The classical equation of motion in the Euclidean space for the field $\phi$ subject to the potential $V\left(\phi \right)$ is obtained by the minimization of $S_E$, which reads

$$\begin{array}{c}\hfill {\displaystyle \frac{\delta S_E\left(\phi \left(x\right)\right)}{\delta \phi }}=-{\partial }_{\mu }{\partial }_{\mu }\phi \left(x\right)+V^{\prime }\left(\phi \right)=0.\end{array}$$

(7)

We also suppose that

$$\begin{array}{c}\hfill {\displaystyle \underset{\tau \to \pm \infty }{lim}\phi (\overrightarrow{x},\tau )={\phi }_{+},}\end{array}$$

(8)

where $\tau =-it$.

The solution is Euclidean invariant, which means that $\phi (\overrightarrow{x},\tau )=\phi ({(|\overrightarrow{x}{|}^2+{\tau }^2)}^{{\displaystyle \frac{1}{2}}})$. Defining $\rho \equiv \left(\right|\overrightarrow{x}{{|}^2+{\tau }^2)}^{{\displaystyle \frac{1}{2}}}$, the equation of motion now reads

$$\begin{array}{c}\hfill {\displaystyle \frac{{\partial }^2\phi }{\partial {\rho }^2}}+{\displaystyle \frac{3}{\rho }}{\displaystyle \frac{\partial }{\partial \rho }}\phi -V^{\prime }\left(\phi \right)=0,\end{array}$$

(9)

which is analogous to the equation of motion of a particle at position $\phi$ as a function of time $\rho$, subject to a potential $-V\left(\phi \right)$ and a friction term.

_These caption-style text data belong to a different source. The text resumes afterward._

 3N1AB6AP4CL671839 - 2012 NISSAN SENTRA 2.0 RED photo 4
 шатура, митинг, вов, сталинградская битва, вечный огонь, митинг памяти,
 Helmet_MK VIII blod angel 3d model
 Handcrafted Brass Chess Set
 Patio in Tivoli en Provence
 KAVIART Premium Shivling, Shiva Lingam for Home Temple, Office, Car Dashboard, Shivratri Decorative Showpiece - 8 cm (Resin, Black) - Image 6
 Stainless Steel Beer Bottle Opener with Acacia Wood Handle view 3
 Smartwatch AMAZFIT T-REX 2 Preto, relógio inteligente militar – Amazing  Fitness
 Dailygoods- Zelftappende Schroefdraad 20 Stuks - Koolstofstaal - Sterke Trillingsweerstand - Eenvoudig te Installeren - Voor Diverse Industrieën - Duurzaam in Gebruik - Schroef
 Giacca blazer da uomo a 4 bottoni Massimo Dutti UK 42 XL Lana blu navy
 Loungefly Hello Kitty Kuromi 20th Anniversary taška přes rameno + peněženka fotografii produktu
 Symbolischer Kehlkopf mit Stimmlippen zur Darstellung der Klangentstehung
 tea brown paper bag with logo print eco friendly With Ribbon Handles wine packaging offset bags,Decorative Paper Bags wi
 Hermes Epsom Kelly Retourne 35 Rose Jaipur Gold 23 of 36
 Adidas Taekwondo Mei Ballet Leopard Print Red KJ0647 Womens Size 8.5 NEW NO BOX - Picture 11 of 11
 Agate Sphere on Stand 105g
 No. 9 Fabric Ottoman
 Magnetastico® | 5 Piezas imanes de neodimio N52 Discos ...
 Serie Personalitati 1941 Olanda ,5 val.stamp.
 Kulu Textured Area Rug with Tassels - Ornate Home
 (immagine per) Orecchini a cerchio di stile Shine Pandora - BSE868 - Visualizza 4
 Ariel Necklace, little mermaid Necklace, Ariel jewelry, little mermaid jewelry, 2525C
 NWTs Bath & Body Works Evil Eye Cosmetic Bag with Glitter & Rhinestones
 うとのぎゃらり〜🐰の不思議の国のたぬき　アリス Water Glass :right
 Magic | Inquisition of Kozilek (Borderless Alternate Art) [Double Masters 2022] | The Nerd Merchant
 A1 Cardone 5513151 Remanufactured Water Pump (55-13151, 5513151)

The decay process occurs by the formation of bubbles of a true vacuum surrounded by the false vacuum outside. The field is at rest both inside and outside, and the friction-like term, ${\displaystyle \frac{3}{\rho }}{\displaystyle \frac{\partial }{\partial \rho }}\phi$, is nonzero only at the bubble wall. Therefore, in the case the wall is thin, we can consider that $\rho =R$ at the wall, being R the bubble radius (see [65,66] for further details). Finally, for a small energy difference $ϵ$, the quantity $R=\rho$ is large and the friction coefficient $1/\rho \to 0$, then we can neglect the friction term also at the bubble wall. From these considerations, Equation (9) now reads

$$\begin{array}{c}\hfill {\displaystyle \frac{{\partial }^2\phi }{\partial {\rho }^2}}=V^{\prime }\left(\phi \right).\end{array}$$

(10)

Then, considering the potential in Equation (5), the value of the field is each region is

$$\phi =\left\{\begin{array}{cc}0\hfill & \mathrm{i}\mathrm{f} 0<\rho \ll R,\hfill \\ \tilde{\phi }\hfill & \mathrm{i}\mathrm{f} R-\Delta <\rho <R+\Delta ,\hfill \\ 2m/3\lambda \hfill & \mathrm{i}\mathrm{f} \rho \gg R,\hfill \end{array}\right.$$

(11)

which corresponds to the regions inside the bubble ($0<\rho \ll R$), at the thin wall ($\rho \approx R$) and outside the bubble ($\rho \gg R$).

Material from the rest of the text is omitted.